Theatre
This is a small section - though it has to be said I lit a show in the Assembly Rooms Edinbrough by Red Shift in 1992 on the subject of Virgina Woolf ,written by Robin Brooks, Orlando.
My entry to theatre was via Red Shift's co-founder and Designer Charlotte Humpston. Charlotte co-founded Red Shift, a successful and innovative Theatre Company with Jonathan Holloway. That's not insignificant as it means I had to bend what I knew from photography and film lighting, to live work in a very fast turnaround. In 2006, I lit the Snow Queen, another trial by fire at Brewhouse Theatre Taunton - as theatre people are never keen when people come in from other traditions - but I won them over. Then in 2008, a collaboration with Forkbeard Fantasy Dickens A Christmas Carol. WHich was interesting because Forkbeard were open to new ideas. |
|
Circa 2005 I was asked to technically direct an Arts and Humanities Research Council research project on lighting in Jacobean Theatre productions - essentially these were seen in a Chamber of Demonstrations - which is the Jacobean name for a place to see plays, poetry, autopsies etc - under candlelight .
In fact Dr Gordon Higson discovered the plans for a Jacobean theatre and this was actually built next to the Globe in London as the Sam Wanamaker Theatre. At that time Mark Rylance was the director of the Globe and come 2014/15 when Wolf Hall was commissioned, I was told that our DVD and lighting was shown to the Cinematographer Gavin Finney in his researches and what you next see in that production are the effects of our research (and also the lighting of the Mirror and the Light). Incidentally, my daughter Phoebe Flaxton was Production Buyer on this last production.
|
PROJECT OVERVIEW THE CHAMBER OF DEMONSTRATIONS
by Martin White
This practice-led research project used a full-scale reconstruction of the interior of a Jacobean indoor playhouse. I have used this in the past for research purposes (including full productions, with an audience, of 'Tis Pity She's A Whore and Nathanael Richards' 1630s Roman shocker, Messallina). The particular focus of the project, however, was to explore the uses of candlelight in the playhouse, something which everyone mentions, but which has not been systematically explored. The Chamber of Demonstrations project began life under the title Working With Inigo Jones, but the research of Dr Gordon Higgott increasingly called in question the safety of that, and it was decided to retitle it.The project had two main objectives:
However, the documentation and dissemination of practice is essential for it properly to be conceived of, and available to the wider community, as research.
by Martin White
This practice-led research project used a full-scale reconstruction of the interior of a Jacobean indoor playhouse. I have used this in the past for research purposes (including full productions, with an audience, of 'Tis Pity She's A Whore and Nathanael Richards' 1630s Roman shocker, Messallina). The particular focus of the project, however, was to explore the uses of candlelight in the playhouse, something which everyone mentions, but which has not been systematically explored. The Chamber of Demonstrations project began life under the title Working With Inigo Jones, but the research of Dr Gordon Higgott increasingly called in question the safety of that, and it was decided to retitle it.The project had two main objectives:
- The first was to erect a full-scale reconstruction of the stage and auditorium of an indoor Jacobean playhouse based closely on the drawings (previously generally attributed to Inigo Jones but now likely to be by John Webb) that are held in the library of Worcester College, Oxford. Working on this reconstruction with a group of professional actors, I wished to explore in particular the effects that could be achieved in candlelight, and through the use of various portable lighting instruments. This is a key aspect of early modern performance; this was the first detailed practice-based exploration of it. Virtual Reality models (such as you can find on the DVD) are fine, and allow us to explore otherwise unrecoverable performance spaces, but, to my mind, they have a an 'unlived in' feel, quite unlike the texture and atmosphere of 'real' performance spaces.

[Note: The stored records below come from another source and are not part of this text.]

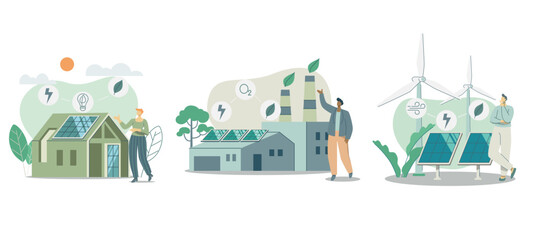 Fototapeta premium Set of sustainable, House with solar panels, Environmental protection factory. Wind Turbine Generates Electricity Conserves Nature, Ecological life alternative energy. Vector illustration.
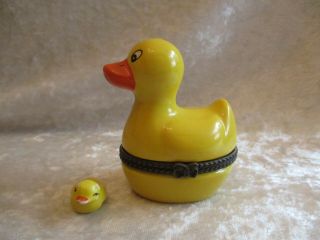 Vintage Yellow Porcelain " Rubber Duckie " With Baby Hinged Trinket Box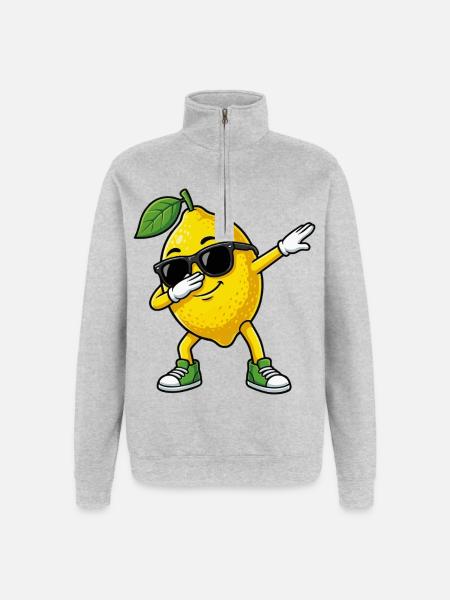 Funny Lemon in Dab Pose Cartoon - Quarter-Zip Sweatshirt - heather grey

However, the documentation and dissemination of practice is essential for it properly to be conceived of, and available to the wider community, as research.
- So the second objective became a question of how this work could be captured and published in a form that allowed interactive responses from the user. The answer came with the advent of High Definition cameras, capable of working in much lower levels of light than conventional cameras without losing definition in the image. My encounter with Ignition Films, a production company specialising in HD, provided a solution from the world outside academia that made the research ambition achievable.